17- va sans dire que les projets de révision relative aux réformes politiques ne peuvent se faire dans les meilleurs délais. Affirmer le contraire serait venir à l'encontre aussi bien de l'usage que de la logique même des réformes ! Que dire lorsqu'il s'agit de réformes politiques de base telles celles que définit le décret n°2021/117 qui «doivent, aux termes de l'article 22 dudit décret, avoir pour objet l'établissement d'un véritable régime démocratique dans lequel le peuple est effectivement le titulaire de la souveraineté et la source des pouvoirs qui les exerce à travers des représentants élus ou par voie de référendum»? La réforme suppose la réflexion, la concertation, la lecture et la comparaison ! Ces tâches synonymes de réformes de fond s'étendant dans le temps et échappent à la prévision chronologique sauf fixation par le texte d'un deadline chose que le décret présidentiel ne prévoit pas.
b) Le décret Présidentiel passe outre les limites chronologiques
18-Tout en investissant le président de la République de larges pouvoirs, le décret n°2021/117 observe le silence quant à son domaine chronologique. Plusieurs manifestations de ce silence peuvent être soulignées. La plus significative est celle prise du défaut de définition d'un deadline pour la finalisation des projets de réformes politiques ainsi que celui de leur soumission aux referendums au sens de l'article 22 du décret présidentiel n°2021/117. Il en est également du défaut de définition des délais de mise en place de la commission en charge de collaborer avec le Président de la République en vue de mettre en place les réformes politiques au sens de l'article 22 du décret présidentiel susvisé.

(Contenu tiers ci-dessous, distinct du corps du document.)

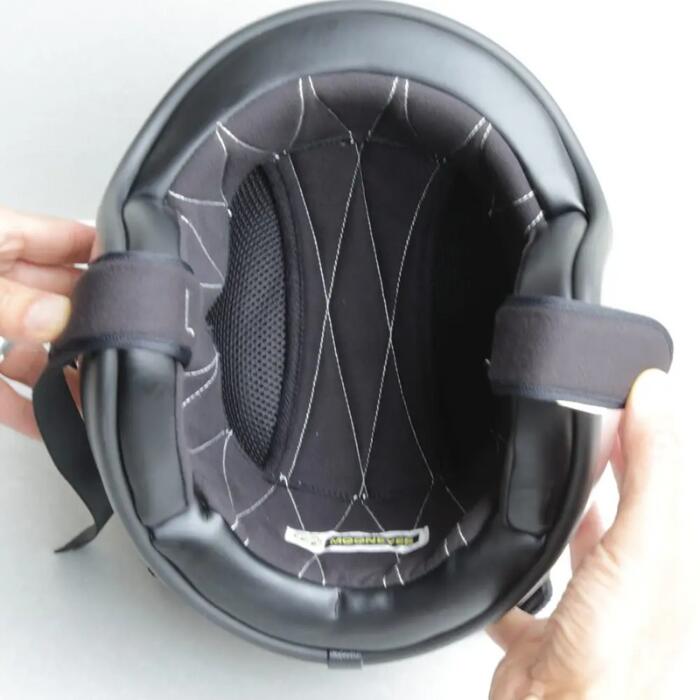 MOONEYESムーンアイズヘルメットオリオンエースJETジェットヘルPSCSGオープンフェイスヘルメットMETALメタルヘルメットメタルカラー銀色シルバーOMH-029原付シティバイク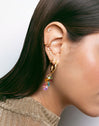 Candy Colors Gold Earrings 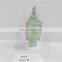 custom design small green jade ceramic buddha head statue for sale
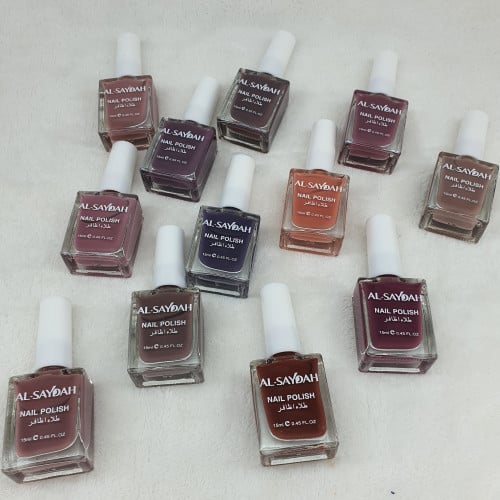 مناكير 12 لون لحميه ثابته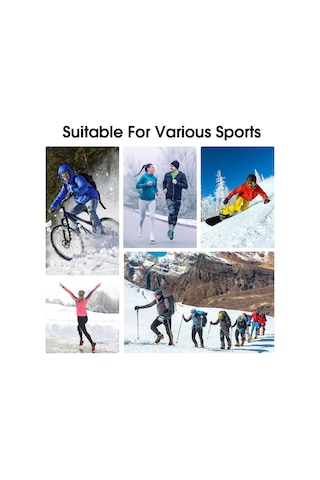 Vkemall Kış Bisiklet Spor Kaskı - Camo Asker Yeşili, Gözlük Delikli, Rüzgar Engeli, Elastik Kadife, Sıcak Tutucu, 52-60cm Baş Çevresi Çok Renkli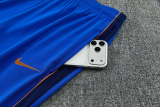 2026-27 France Fancy blue Half Pull Tracksuit (半拉链)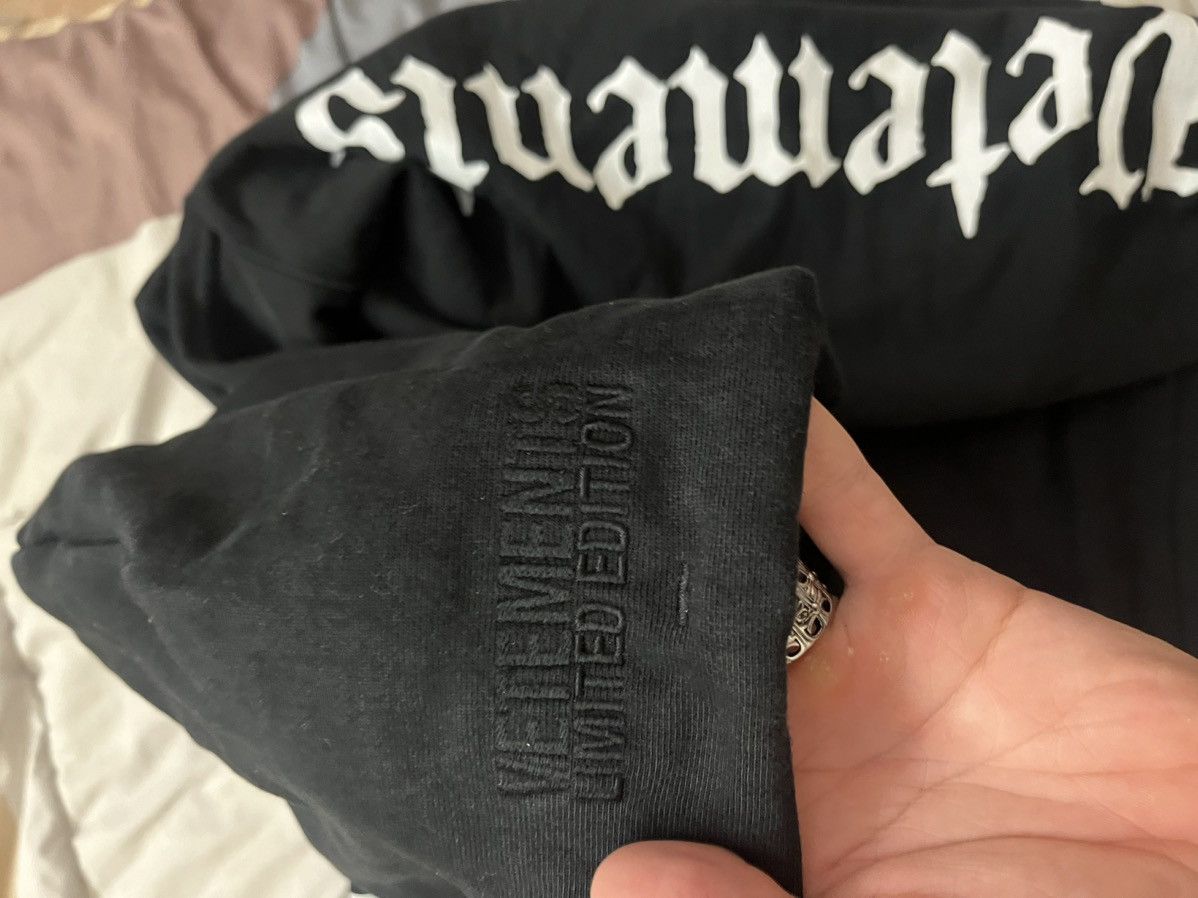 Designer × Vetements *VERY RARE* Vetements Hardcore Couture Black ...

19- Ainsi soulignées, ces lacunes du texte viendraient jeter un sérieux doute sur sa nature exceptionnelle. Les exceptions devant toujours être limitées dans le temps et dans l'espace(2). L'Etat d'exception supposé tenir d'une exception risque d'être érigé au rang d'une règle. La volonté confirmée du Président de la République de préserver les droits et les libertés, risque alors d'être contredite si bien que l'Etat d'exception tant qu'il perdure, justifiera les mesures exceptionnelles telle l'assignation à domicile(3) qui s'analyse comme une limité à la liberté fondamentale de circuler.
20- La phase est critique ! Le temps devrait être scrupuleusement compté si l'on voulait franchir le camp et atteindre les objectifs escomptés tels que proclamés par le Président de la République dans son discours historique du 25 Juillet 2021.
Najet Brahmi Zouaoui
Professeure à la faculté de Droit et des Sciences politiques de Tunis.
Avocate près la Cour de Cassation.
Secrétaire générale de l'Alliance internationale des femmes avocates auprès de Genève.
1) L'article 23 du décret présidentiel prévoit que « Le préambule de la constitution, ses premiers et deuxièmes chapitres et toutes les dispositions constitutionnelles qui ne sont pas contraires aux dispositions du présent décret Présidentiel, continuent à s'appliquer ».
2) Article 540 du code des obligations et des contrats.
3) Sur lune lecture juridique de l'assignation à domicile, voir notre article Najet Brahmi Zouaoui, De l'Etat d'exception vers une justice d'exception, Le premier bilan : Du 25 juillet 2021 au 25 août 2021 », Leaders du 27 août 2021.